Silk, a precious fabric and symbol of royalty, has a fascinating history dating back to ancient China. A legend tells that the wife of the Yellow Emperor Huangdi, Xi Ling-Shi, accidentally discovered the first shimmering threads among mulberry leaves. This fabric has sparked wars and conquests, maintaining its primacy in beauty and quality over the centuries. Initially a Chinese secret, sericulture spread through complex trade routes and thefts, reaching Byzantium thanks to two Nestorian monks in 550 AD. Chinese silk continued to dominate the global market, produced not only in China but also in India, the Middle East, and Europe by 1200.

Material of choice for the most precious garments, Malo enhances its qualities by skilfully mixing it with other natural fibers to obtain blends with exceptional characteristics.

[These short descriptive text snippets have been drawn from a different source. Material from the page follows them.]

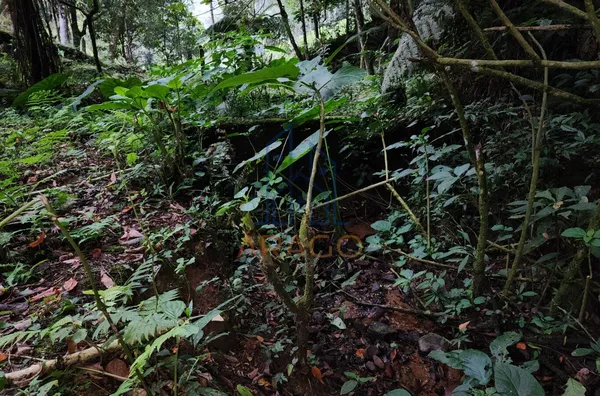 Chácara para venda,  25 De Julho, São Bento Do Sul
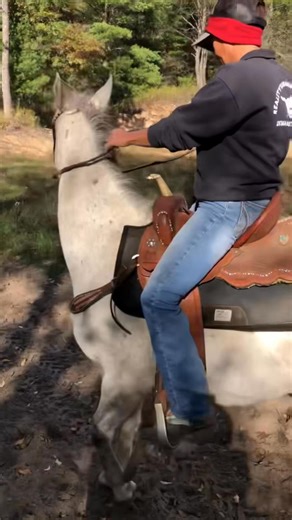 3.1K views · 13 reactions | Advanced beginner trail horse. #outdooradventures #groupevents #adventures | Raine N Dreams Farm LLC | Facebook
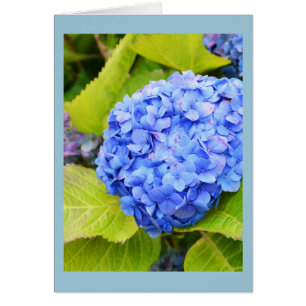 Cartão floral azul hydrangea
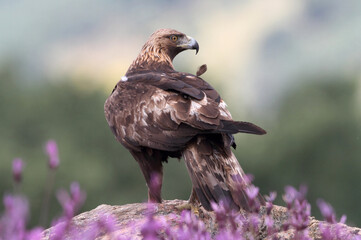 Golden Eagle adult male with the first light of dawn among purple flowers
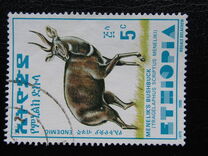 [Menelik´s Bushbuck, type AZF]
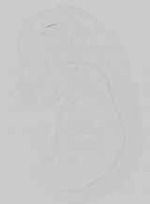 EMAGE:16743
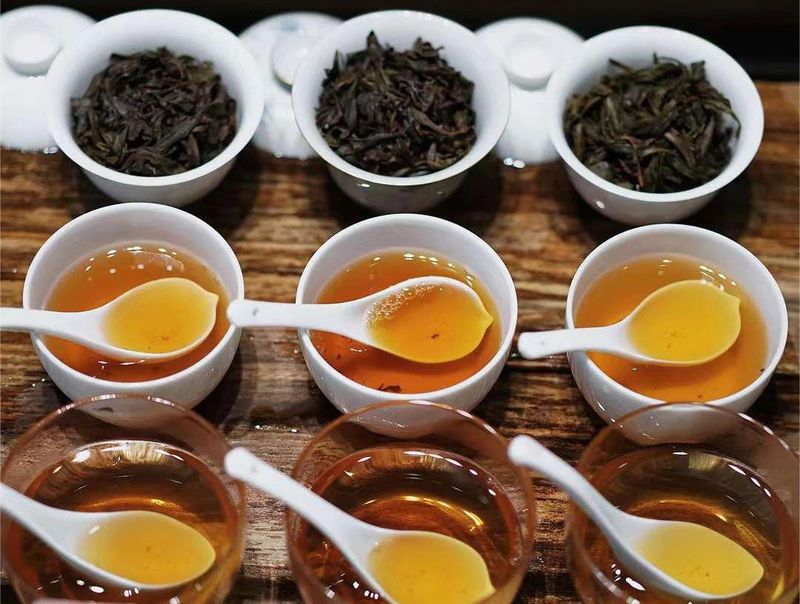 关于采茶季，忙碌的武夷山 邀你来寻茶的内容(12)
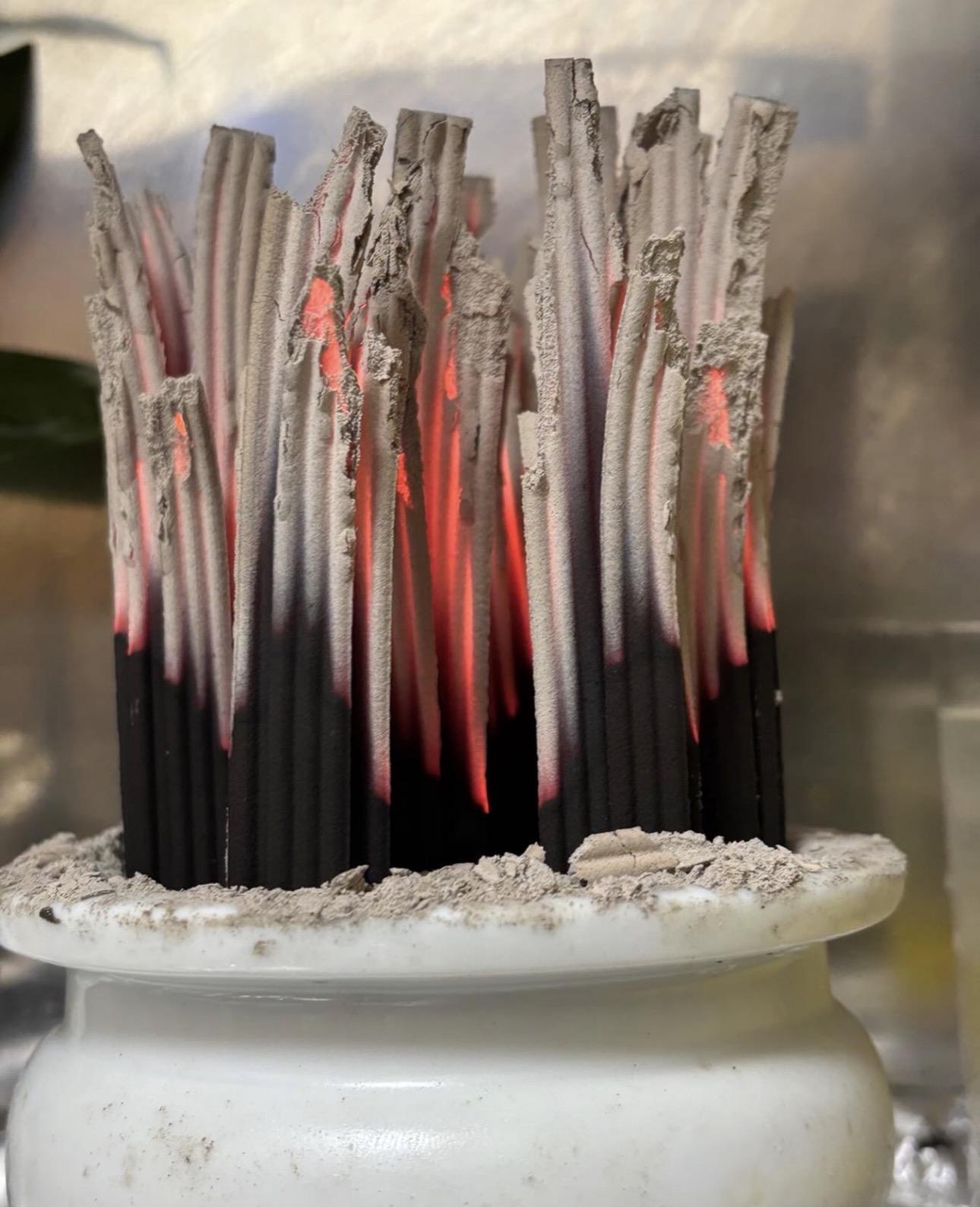 ���䍁�i�q���E�R�[�j�v�̉��Ɋ肢���悹��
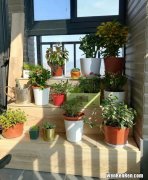 适合阳台养的大型绿植 阳台攀爬植物品牌排行榜,阳台绿植有哪些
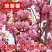 基地直销樱花树苗，樱花苗嫁接日本樱花，晚樱花，嫁接早樱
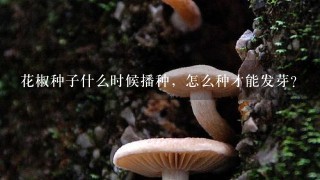 花椒种子什么时候播种，怎么种才能发芽？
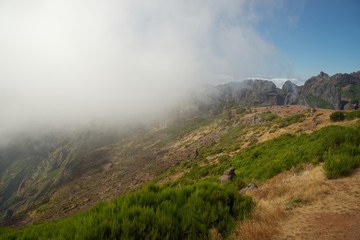 Green plants on the mountain peak of Pico do Arieiro on Portuguese island of Madeira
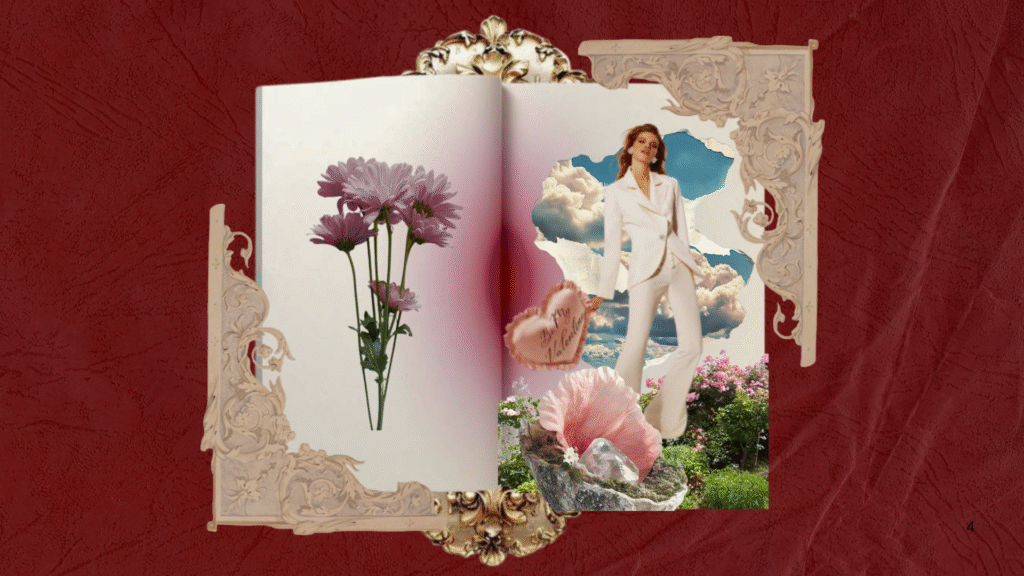 portafolio colecciones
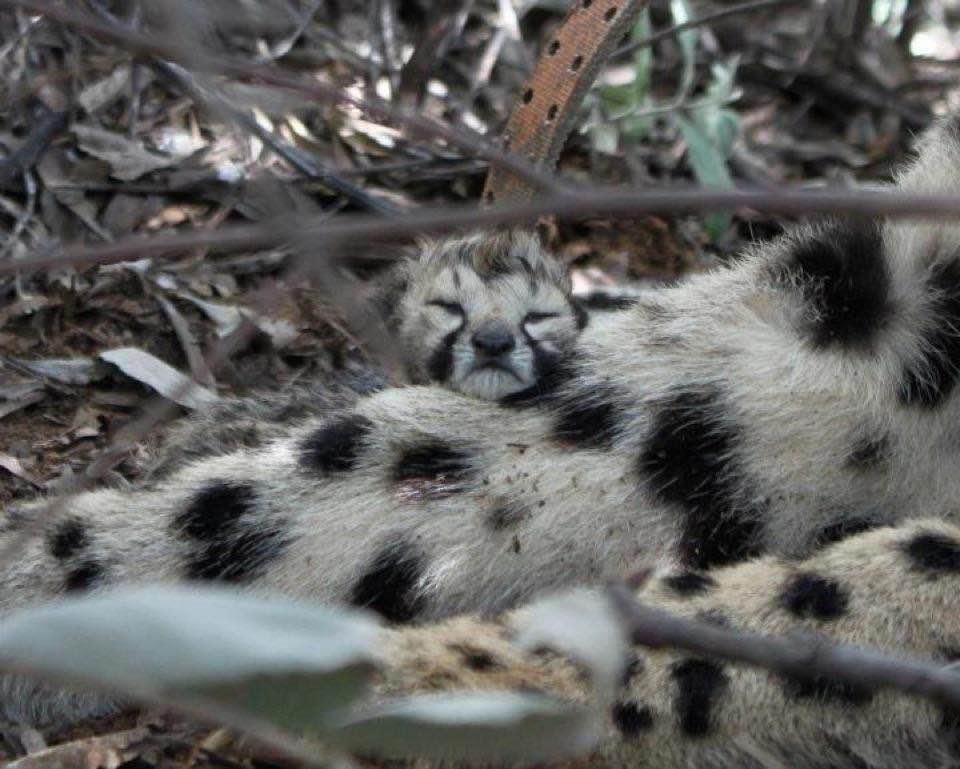 Pride's first born cub. I arrived only minutes after she gave birth to this first cub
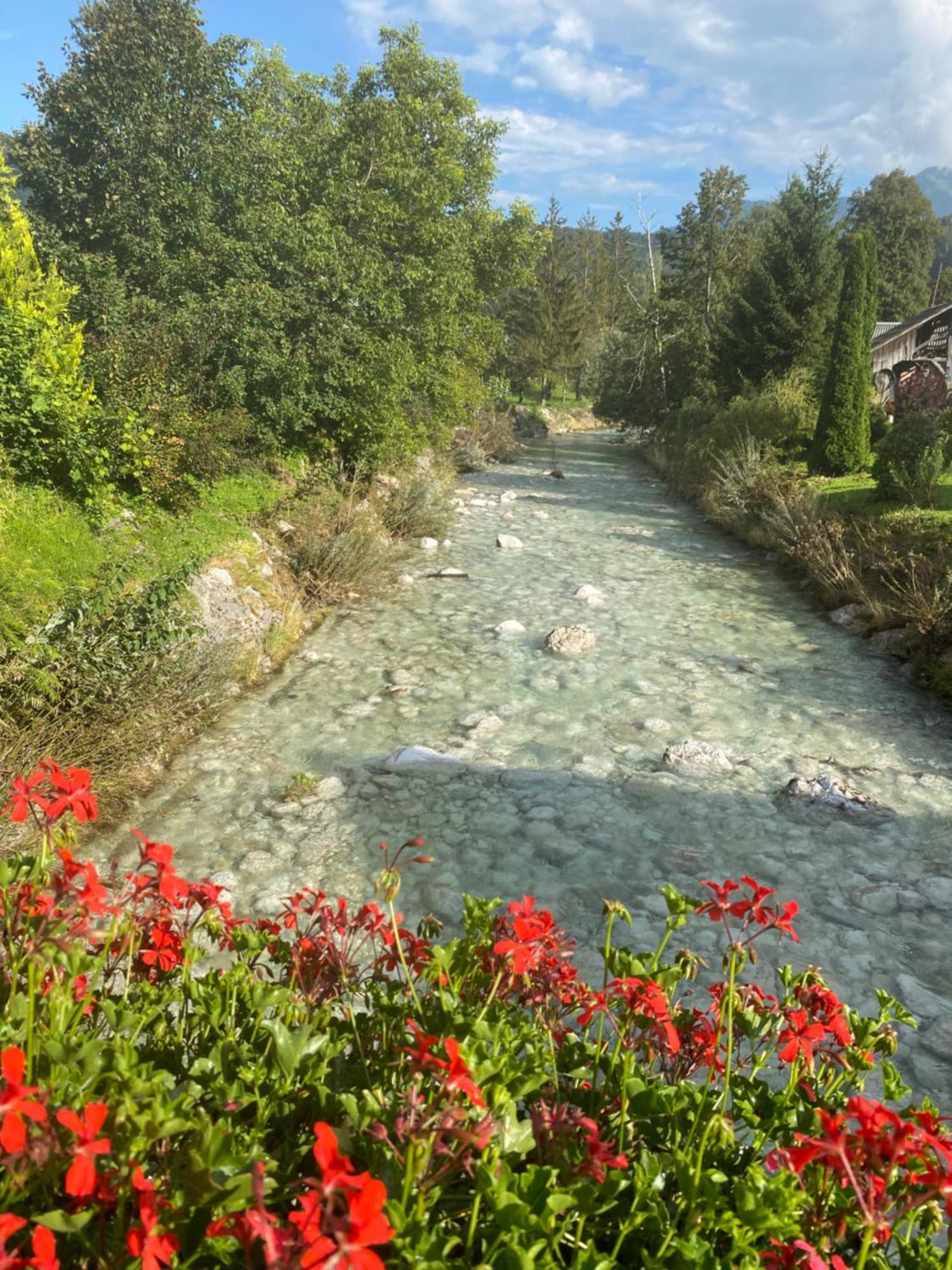 Apartment Mountain View In Triglav National Park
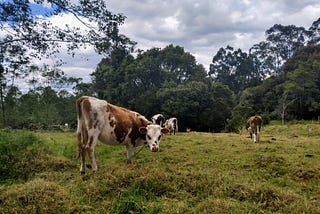 Want to Move To The Colombian Countryside? Start Here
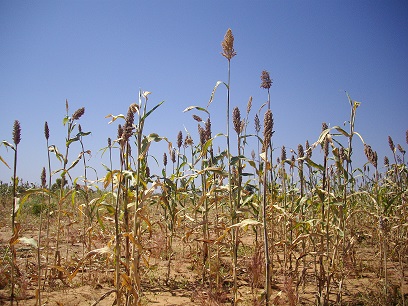 Campagne agri-2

The production of silk is a very long and laborious process that requires constant and almost obsessive attention. Silkworm feeding, air temperature, light and humidity are all decisive factors in obtaining an excellent product in every aspect. Raw silk is a protein filament fibre, hundreds of meters long, extruded from the silkworm in the moment when it weaves the cocoon around itself. Thanks to the triangular section of the filaments, the light is reflected from different angles, thus producing an extraordinary brightness that varies according to its texture. Cool in summer and warm in winter, fluid on the body, pure silk is well suited to different types of garments, comfortable and luxurious more than any other fabric in the world it keeps its beauty unchanged over time by virtue of its resistant fibres.

Wash and care

Pure silk is a natural fabric; for this reason, if washed with care, it will maintain all its precious characteristics over time. Gentle hand washing will ensure that the fabrics do not come into contact with chemicals that could damage them. It is recommended to soak the garment in cold water, using only specific gentle detergents, remembering that silk is made of a protein very similar to that of human hair and therefore requires special care. There is no need to leave it in the water for a long time; silk quickly releases impurities.

Do not wring it out; to remove excess water, place the wet garment on a white cotton towel, then roll up the ends so that the towel absorbs the excess. Finally, hang the garment on a padded hanger. The drying process, away from direct heat sources and sunlight, should not take more than an hour.